Input data:

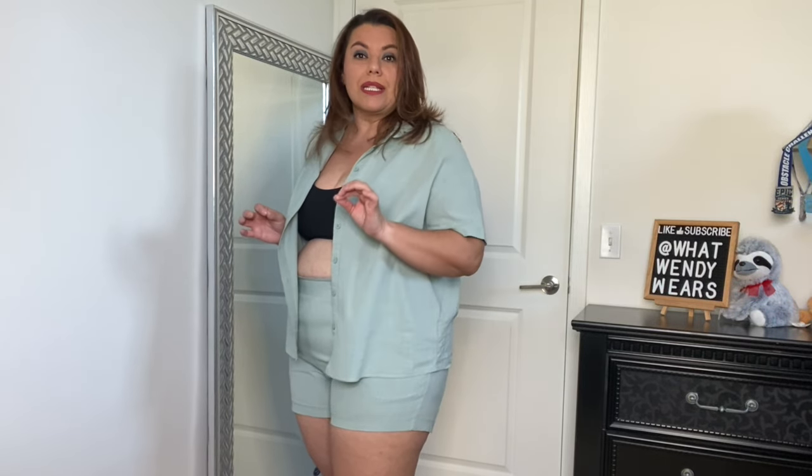I tend to wear them together but leave the top open, usually with my bathing suit or something underneath. I love the look of both the top and the shorts. The shorts have a paper bag waist, no buttons, and they do have pockets. The inseam is about two inches. This seafoam green is such a great color — I believe they also have it in navy blue. It's super fun, especially when you're wearing it on vacation.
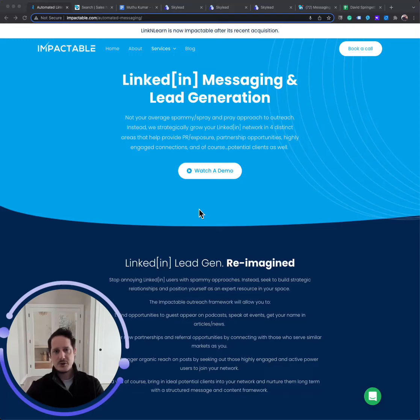Hey guys, this is Justin Rowe. I'm the founder of Impactable, and right now I'm going to walk you through quickly our outreach offering.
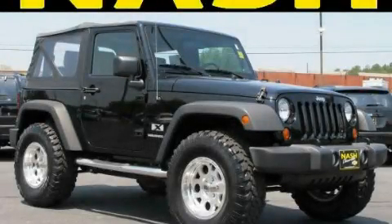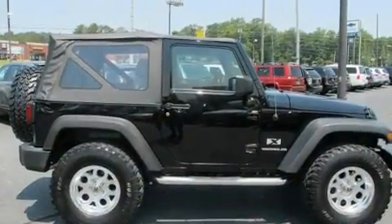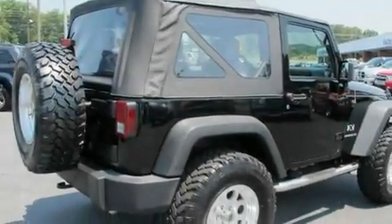This is a 2007 Jeep Wrangler, built with trails in mind. It features a 3.8-liter six-cylinder engine, a four-speed automatic transmission, and four-wheel drive.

Your instructions: When you write out the material again, keep every word exact and omit the pictures.

Exercise output:
I tend to wear them together but leave the top open, usually with my bathing suit or something underneath. I love the look of both the top and the shorts. The shorts have a paper bag waist, no buttons, and they do have pockets. The inseam is about two inches. This seafoam green is such a great color — I believe they also have it in navy blue. It's super fun, especially when you're wearing it on vacation.
Hey guys, this is Justin Rowe. I'm the founder of Impactable, and right now I'm going to walk you through quickly our outreach offering.
This is a 2007 Jeep Wrangler, built with trails in mind. It features a 3.8-liter six-cylinder engine, a four-speed automatic transmission, and four-wheel drive.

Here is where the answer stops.